▸ INSTRUCTIONS FOR THE TASK: Although the data holds pictures, return only the lines from the one containing "Baby Hoofdsteun Kussen" to the end, exactly, and without them.

Crawled caption data:

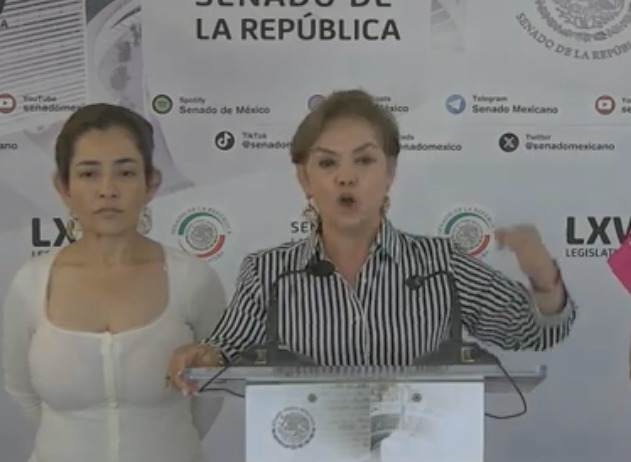 Pide senadora Cecilia Sánchez desaparición de poderes en Campeche.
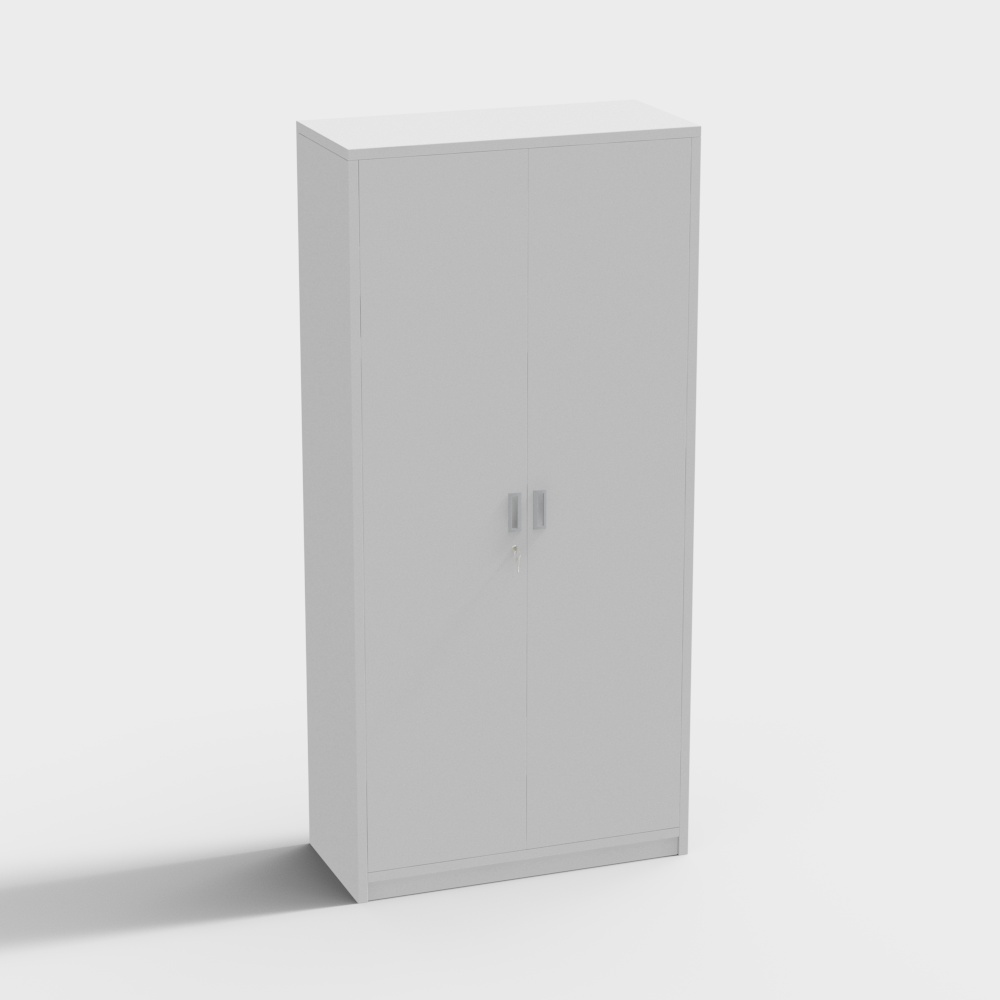 Modern Hospital Doctor Changing Room Lockers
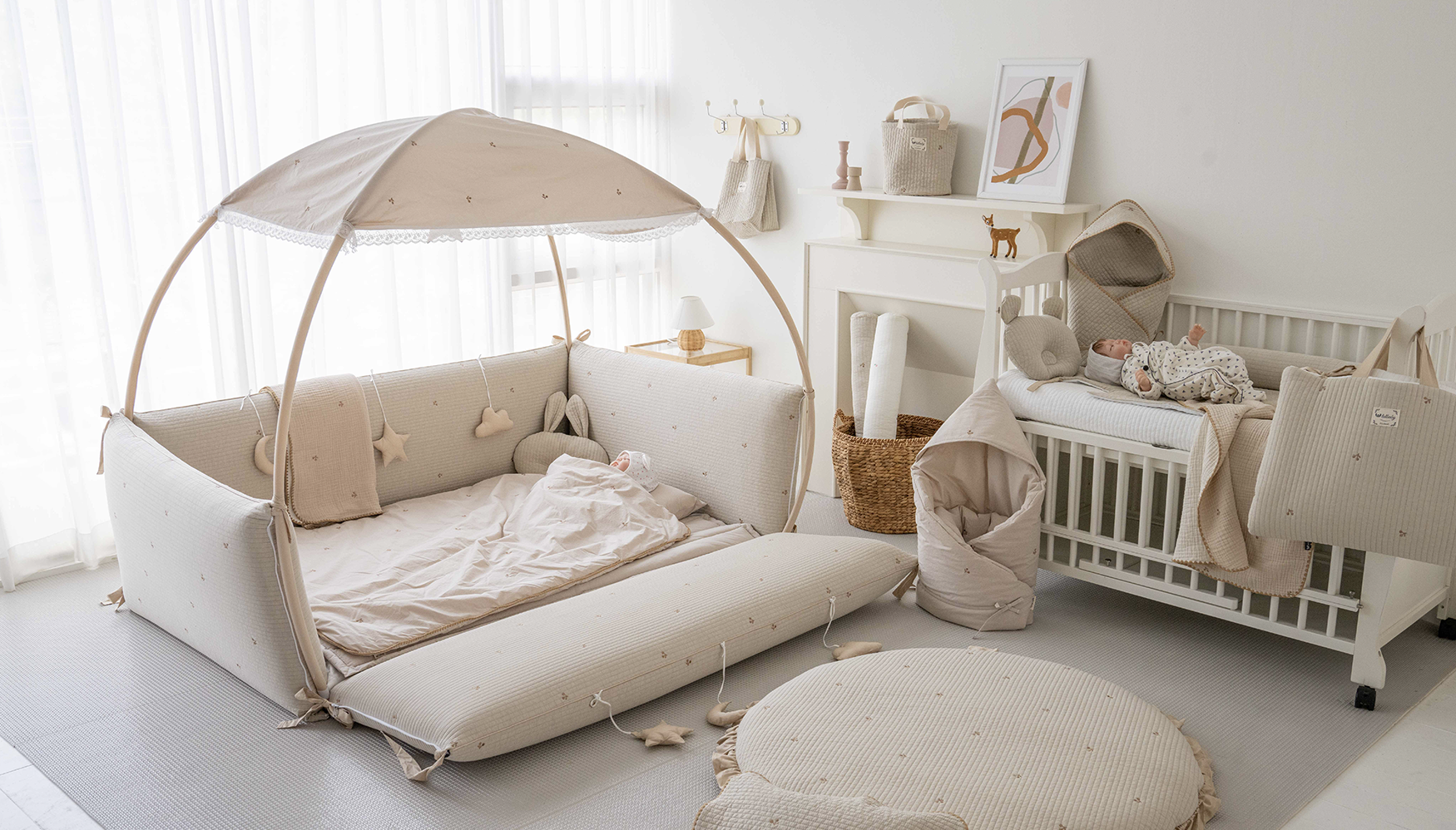 Top 10 Must-Haves for Your Newborn's Nursery: Essential Comfort and Safety Items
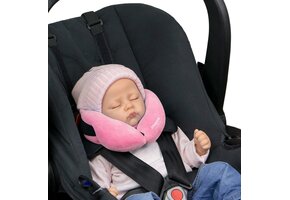Baby Hoofdsteun Kussen voor Autostoel & Kinderwagen | Voorkomt Vallend Hoofdje | 67% Korting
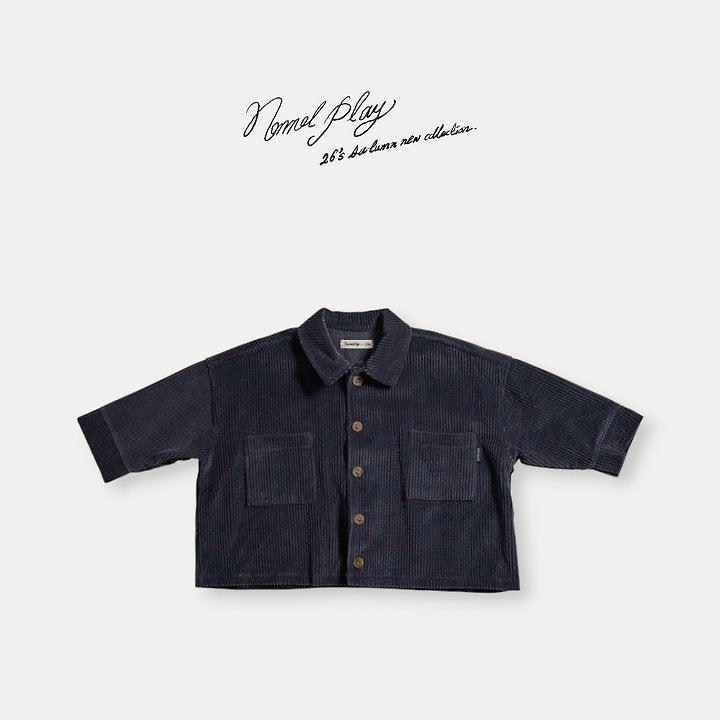 [PRE-ORDER] Bubble Corduroy Jacket
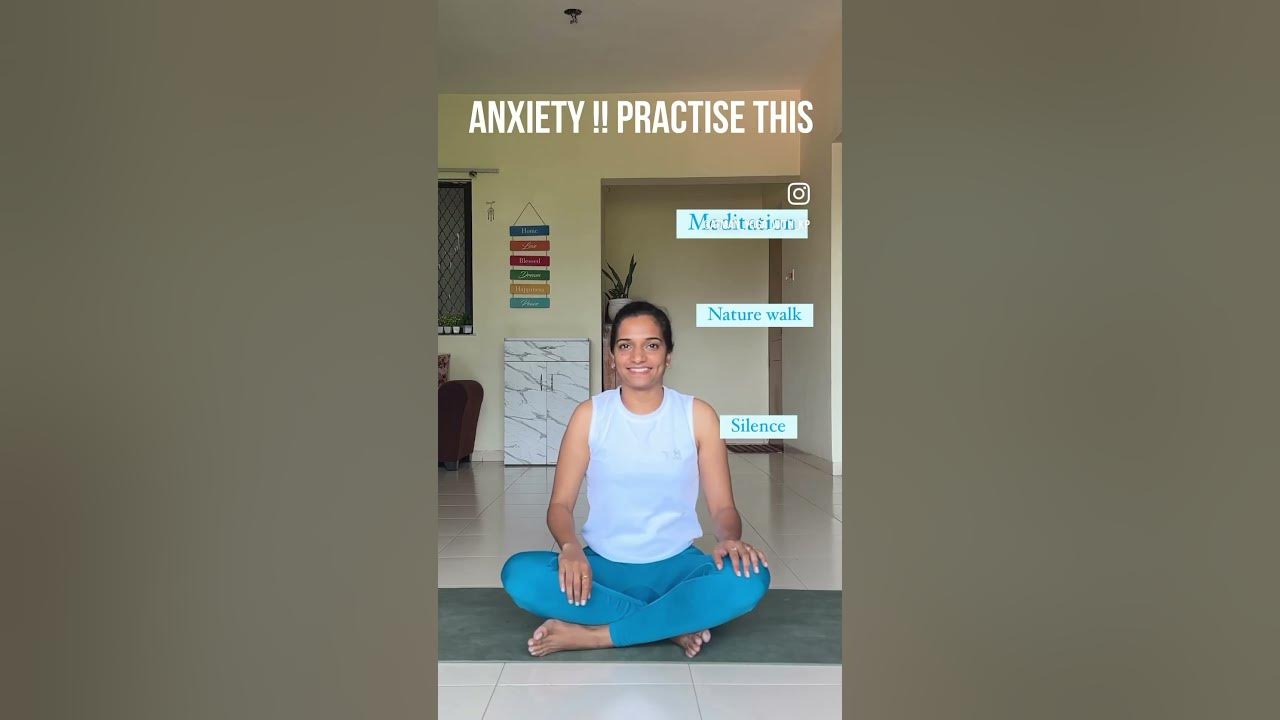 Yoga for anxiety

▸ RESPONSE TO THE TASK:
Baby Hoofdsteun Kussen voor Autostoel & Kinderwagen | Voorkomt Vallend Hoofdje | 67% Korting
 [PRE-ORDER] Bubble Corduroy Jacket
 Yoga for anxiety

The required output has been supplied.